La consecuencia de la posición marginal del amor es, en definitiva, la aceptación de una moral social solo procedimental. Como es evidente, la gravedad de este hecho no está en los acuerdos que se consiguen y en la configuración de un estado de derecho que ha hecho posible la extensión de una “sociedad del bienestar”; el problema real consiste en que una sociedad cuya consistencia reside sólo en bienes negociables es una sociedad desmoralizada, falta de una grandeza que cree vínculos entre los hombres en torno a bienes trascendentes. El relato genesìaco es del todo revelador: “no es bueno que el hombre esté solo” (Gen 2,18). La simple satisfacción de los deseos, y la experiencia de un poder de dominio, no responden a la verdad del hombre[12]. Cuando la sociedad quiere ser “neutral” ante las cosas más grandes, genera una cultura en la que se comunica a los hombres una cierta indiferencia ante esa grandeza. De modo usual lo hace mediante la ambigüedad de los mensajes (como si todo valiera lo mismo) y el cinismo ante las convicciones (mediante el desprecio de la excelencia como si fuera una discriminación).
Por eso mismo, si bien no se puede negar el crecimiento de un cierto respeto a la vida en muchas de sus manifestaciones (el rechazo general de la violencia física y la pena de muerte, el cuidado de la salud, y la ayuda a los necesitados), es manifiesto que se pierde la claridad de su aspecto trascendente. La valoración última de la propia vida se apoya en una valoración subjetiva, débil en cuanto dependiente de los estados de ánimo, y queda a merced de lo “socialmente correcto”, envuelto en equilibrios inestables. Todo ello se extiende en enormes proporciones por el impacto producido por los medios de comunicación social.
Por todo ello, el problema de transmisión de la verdad de la vida humana y de la familia propio de la evangelización, no es directamente una cuestión de ideas, sino de los significados que hacen vivir a los hombres. Es preciso percibirlos en profundidad. Sólo así la novedad de su grandeza los convierte en buena noticia, a diferencia de otras “novedades” que no construyen nada. Por eso, ante esta posición de ambigüedad genérica de los términos fundamentales que termina en una interpretación privatizadora de los mismos, la terapia ética que se ha propuesto es la comprensión profunda del valor de una tradición viva, que no sólo es una transmisión de conceptos, sino que se realiza en una profunda interrelación de las personas en referencia a comunidades creativas[13].

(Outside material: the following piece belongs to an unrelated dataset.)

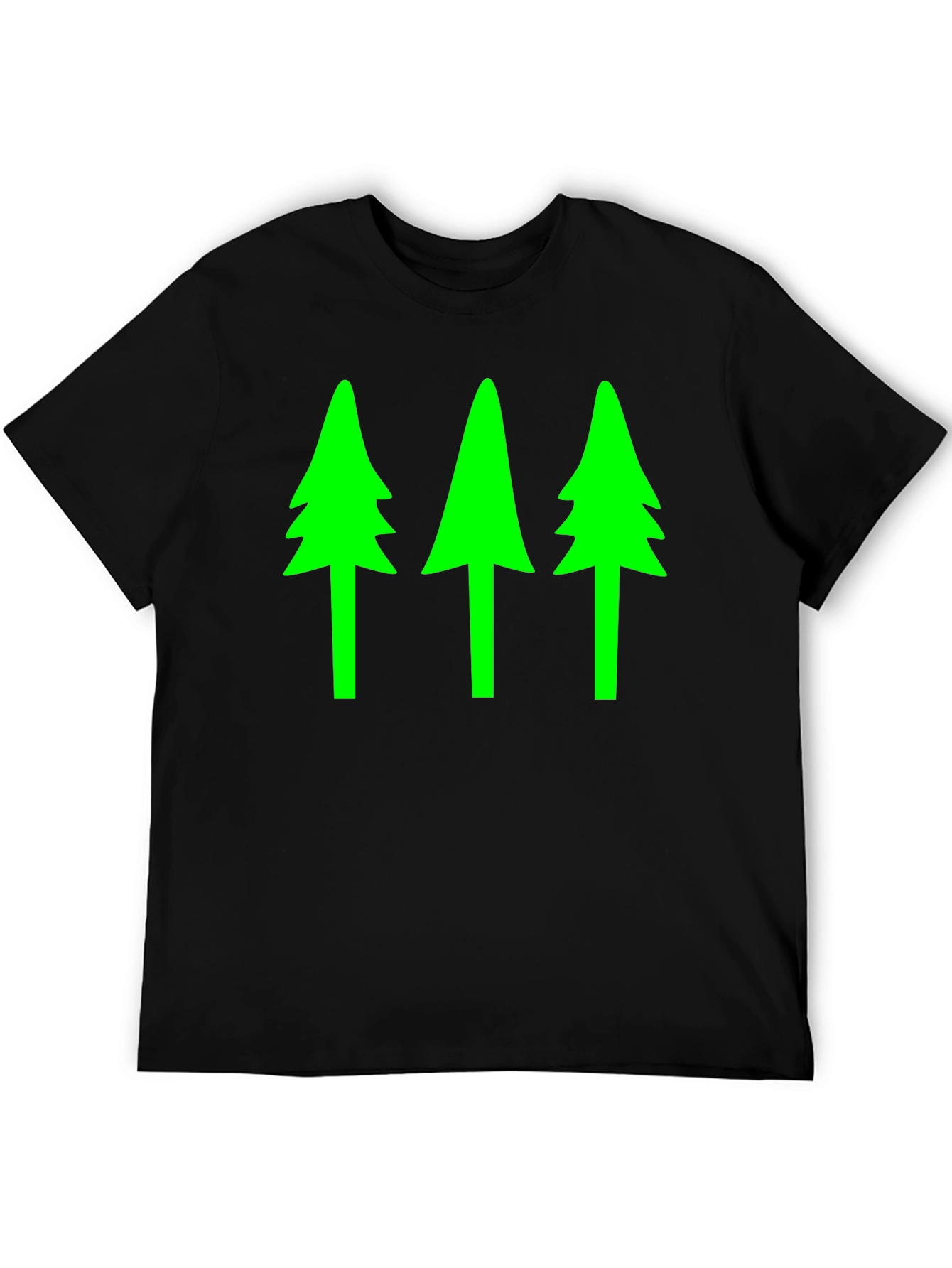 Black Green Tree Graphic Black T-Shirt view 5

La opción de fundarse en una tradición particular no nos hace, a los cristianos, incompresibles o ajenos a las realidades que mueven nuestro mundo. Al contrario, dicha opción nos permite la auténtica inculturación, que consiste en percibir las semillas de Dios que deben dar fruto abundante, pero mezclado con una cizaña que tantas veces oculta el trigo. La gran aportación del cristiano a la cultura actual es la de saber construir una cultura nueva. Es así como Juan Pablo II ha insistido en una “cultura de la vida” y una “cultura de la familia”.
4. El relativismo de un procedimiento inicuo
Para poder dar una respuesta firme en este campo, hemos de ser conscientes del inicuo procedimiento relativista que se emplea para producir la desmoralización de la sociedad como ruptura cínica de las convicciones. Se trata de la extensión de la idea de que cualquier convicción fuerte es negativa para el funcionamiento de la sociedad, porque impide llegar a acuerdos. Como es lógico, una vez que se conforma una sociedad sin convicciones sólidas, la ambigüedad anterior crece exponencialmente.
El procedimiento es muy sencillo: donde existía una convicción moral, se promueve la existencia de opiniones alternativas, hasta que se llegue a considerar a aquélla como una “opinión más” entre otras, también plausibles. Después, se hace creer por medio de supuestas encuestas manipuladas que es además una “opinión minoritaria”; para hablar finalmente de la gran tolerancia del sistema que permite la existencia de tal “opinión marginal”.
Este proceso social ha sido aplicado una y otra vez de forma sistemática en tantos países para la extensión del aborto, y después, para la aceptación de los denominados “modelos de familia”. Todo ello se ha hecho en vista de formar una sociedad en la que cada uno pueda vivir como quiera, sin otros límites morales que una débil y ambigua “corrección” que queda al fin y al cabo en manos de los poderosos.
El marco general de comprensión de la realidad social que hemos esbozado tiene un impacto enorme en el modo de entender la vida como si fuera una decisión privada, gobernada por un derecho centrado en la libertad individual. Así ocurrió con la reivindicación abortista del “free choice”, y en la actual pretensión de legitimar la eutanasia desde una aplicación radical del denominado “principio de autonomía”[14]. A ello hay que añadir la terrible debilidad inherente a la “privatización del matrimonio”, por la comprensión esquizofrénica de su eticidad separada de cualquier sentido de “bien común” de la sociedad[15].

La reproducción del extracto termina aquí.